A volte ritornano, se col microchip, più spesso
Da Milano – Se siete intenzionati a prendere in casa dei cuccioli di cagnolini o ne avete già preso uno, saprete che una delle pratiche ricorrenti è quella di applicare un microchip all’animale. Si tratta di un piccolo circuito integrato della lunghezza di 11 millimetri e dello spessore di 2, che viene iniettato sotto cute.
Questo microchip contiene un codice di 15 numeri che può essere letto con uno scanner e che deve essere registrato all’ Anagrafe Canina dove il proprietario del cane inserisce i propri dati: numero di telefono, indirizzo e via dicendo. Col codice quindi si rintracciano i dati del proprietario, questo dovrebbe garantire una maggiore possibilità di restituzione dell’animale in caso di smarrimento.
Ma funziona davvero?
Da una ricerca svolta negli Stati Uniti sembrerebbe proprio di sì.
Secondo questa ricerca, i proprietari dei cani “microchippati” (funziona anche per i mici) sono stati ritrovati 3 volte su 4.
Lo studio ha coinvolto 53 ricoveri in 23 stati, che hanno deciso di tenere un registro mensile sugli animali dotati microchip portati presso le loro strutture. Sono stati inclusi solo rifugi che svolgono automaticamente l’analisi dei microchip su tutti gli animali ammessi.
In tutto, i proprietari, degli animali dotati di microchip, ritrovati sono stati il 72,7%. Tra questi, il 73,9% ha riavuto indietro il cucciolo.
I dati sono stati raccolti da agosto 2007 a marzo 2008. Lo studio ha coinvolto un totale di 7.704 animali dotati di microchip.
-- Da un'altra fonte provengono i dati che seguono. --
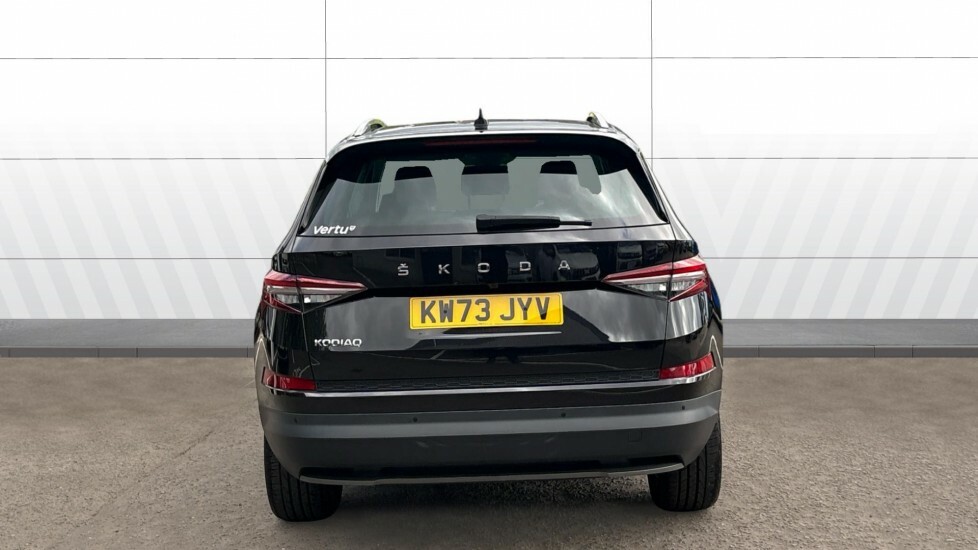 Skoda Kodiaq Se L Executive Black #6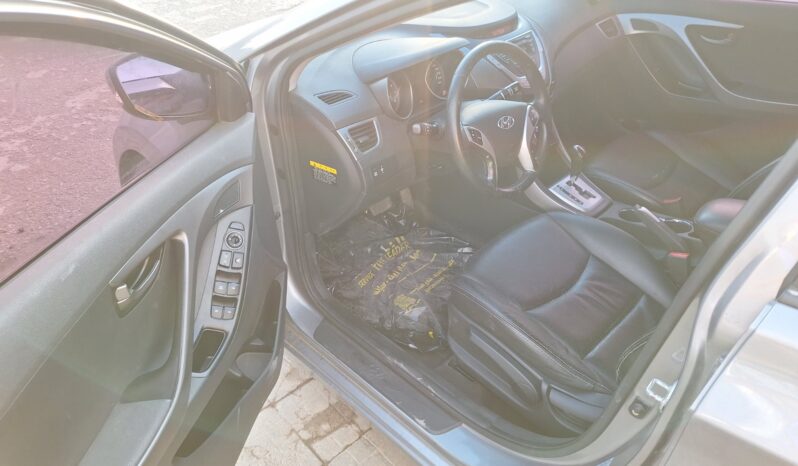 
								 مستعمل هيونداي – Hyundai افنتي – avante ممتلئ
Nei casi in cui i proprietari non sono stati trovati, i motivi sono dati dai numeri di telefono errati o non più attivi (35,4 %), dal fatto che i proprietari non abbiano risposto al telefono o alle lettere inviate (24,3%), al microchip non registrato (9,8%) o al microchip registrato in un database diverso da quello indicato nel codice (17,2%).